The Greatest Power Known to Man in this World
His name was Wernher von Braun. He was the German-born rocket scientist who, along with his German V-2 missile team of more than four hundred scientists, research and development specialists, was taken into custody by the U.S. Army in 1945. Numerous authorities have observed that the technical thinking of these rocket leaders was twenty-five years ahead of U.S. rocketry work at that time. Eventually, 118 of these German missile experts came to the U.S. and worked for the U.S. Army in rocket development at Fort Bliss (El Paso, TX) in the late 1940s. In the spring of 1950, “von Braun and his team of peripatetic rocketeers moved with their families to their new verdant ‘homeland’” in northern Alabama (Huntsville) to form the Huntsville and Redstone Arsenals there for the newly minted Army Ordinance Rocket Center (Ward 73).
Wernher von Braun became director of the National Aeronautics and Space Administration’s George C. Marshall Space Flight Center at Huntsville, Alabama, in 1960. He died June 16, 1977. The New York Times ran a lengthy front page June 18 obituary written by its space writer John Noble Wilford. The obituary was extended inside for a full page. It stated, “Dr. von Braun’s name perhaps more than any other, [is] synonymous with space travel.”
Long time religion writer for The Associated Press, George W. Cornell, quoted von Braun in another 1977 feature obituary. Von Braun said, “Prayer is the most important work of man” (qtd. in Ward 258, emp. added). Wernher von Braun was a man of great faith in God. In an interview with United Press International religion columnist Louis Cassels, Dr. von Braun stated:
Any effort to visualize God, to reduce Him to our comprehension, to describe Him in our language, beggars His greatness. . . . I find it best to accept God as an intelligent will, perfect in goodness, revealing Himself in the world of experience. . . . Thus, in this age of space travel which dramatizes the immensity of the universe, men must enlarge their concept of God and recognize that He is not a local deity of this planet but the creator and master of everything.
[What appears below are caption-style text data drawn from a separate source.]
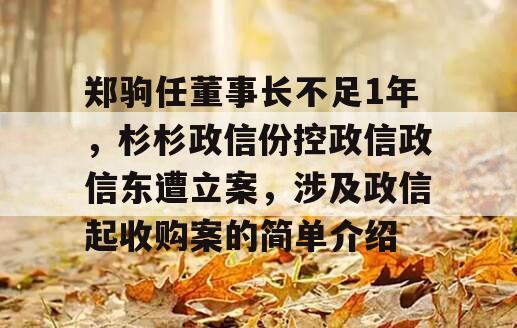 郑驹任董事长不足1年，杉杉政信份控政信政信东遭立案，涉及政信起收购案的简单介绍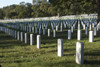 Arlington National Cemetery, Arlington, Virginia, USA Poster Print - Item # VARPSTTMO100825M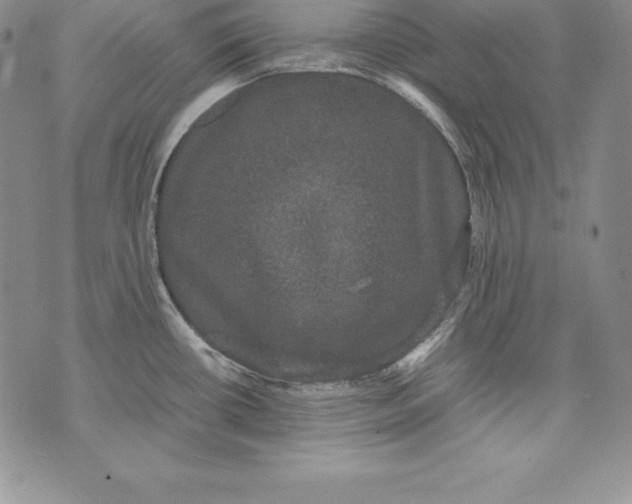 X0000072501434200608041430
Manned space flight is an amazing achievement, but it has opened for us thus far only a tiny door for viewing the awesome reaches of space. Our outlook through this peephole at the vast mysteries of the universe only confirms our belief in its creator. (40A)
All of this reminds me of the mid twentieth century Pittsburgh preacher, Samuel Shoemaker, who, in his sermon “Lord, Teach Us to Pray,” addressed the issue of the power of prayer. Shoemaker says:
Whether anything happens in prayer depends on what kind of god God is. If He created the universe . . . and then retired beyond where we can get in contact with Him, prayer is a vain effort. . . . He is not like that. . . .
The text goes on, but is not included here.